- _Raw data_
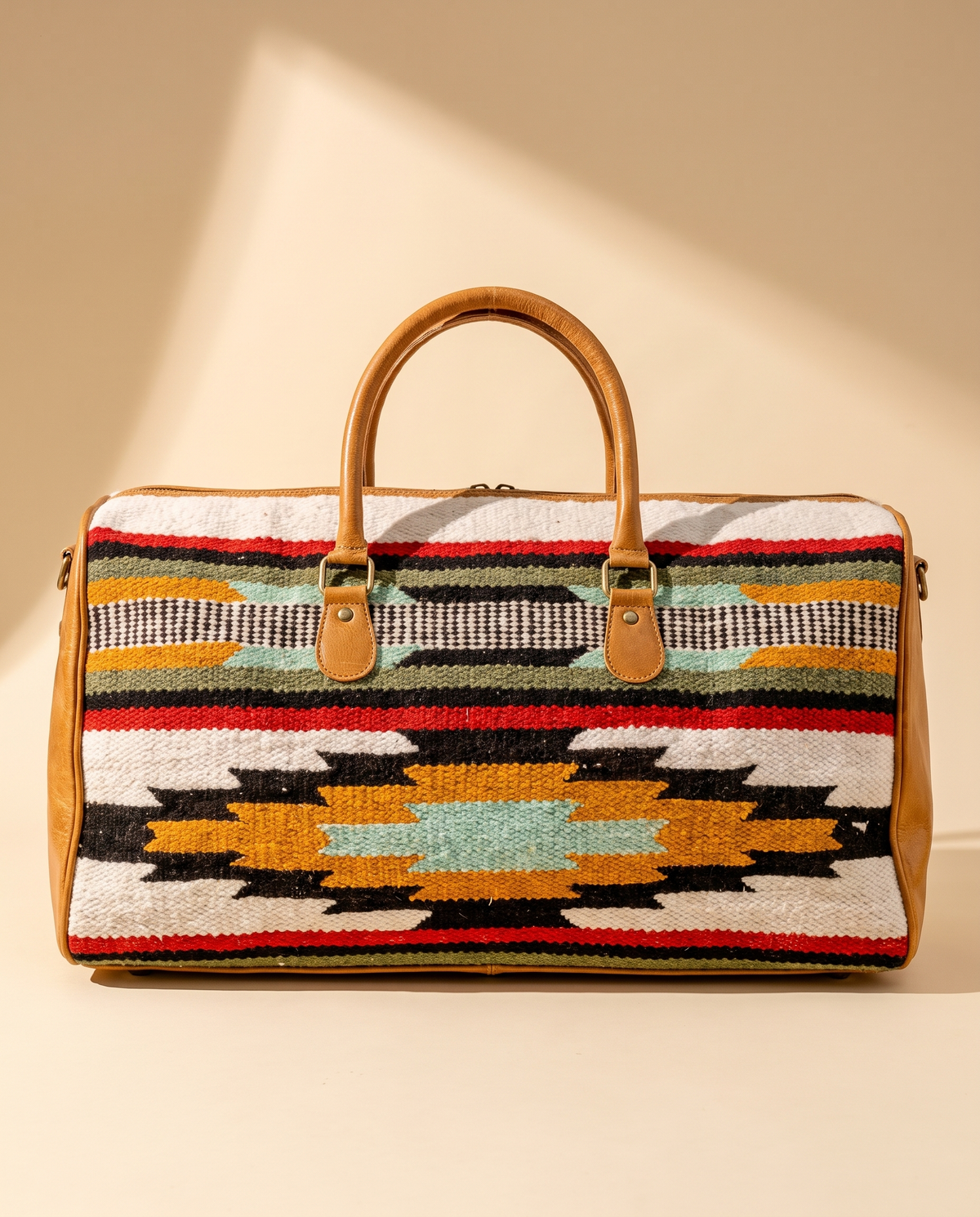 Ivory striped kilim duffle bag with tan leather trim and rolled handles, front view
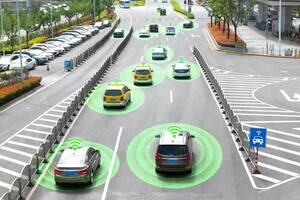 Future of transportation image with electronic cars on a main road with green circles virtual signals coming out from each car. To show e-mobility and sustainable transportation.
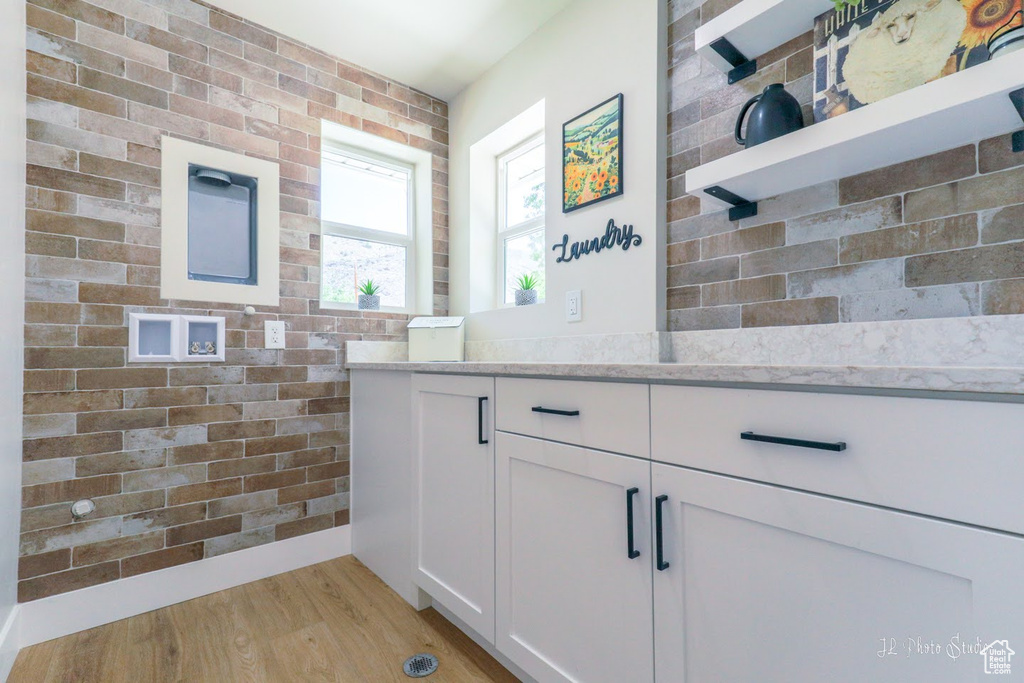 Bathroom featuring hardwood / wood-style flooring, brick wall, and vanity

- _What you need to do_
Print the material verbatim; drop the pictures.

- _Solution for this exercise_
 Ivory striped kilim duffle bag with tan leather trim and rolled handles, front view
 Future of transportation image with electronic cars on a main road with green circles virtual signals coming out from each car. To show e-mobility and sustainable transportation.
 Bathroom featuring hardwood / wood-style flooring, brick wall, and vanity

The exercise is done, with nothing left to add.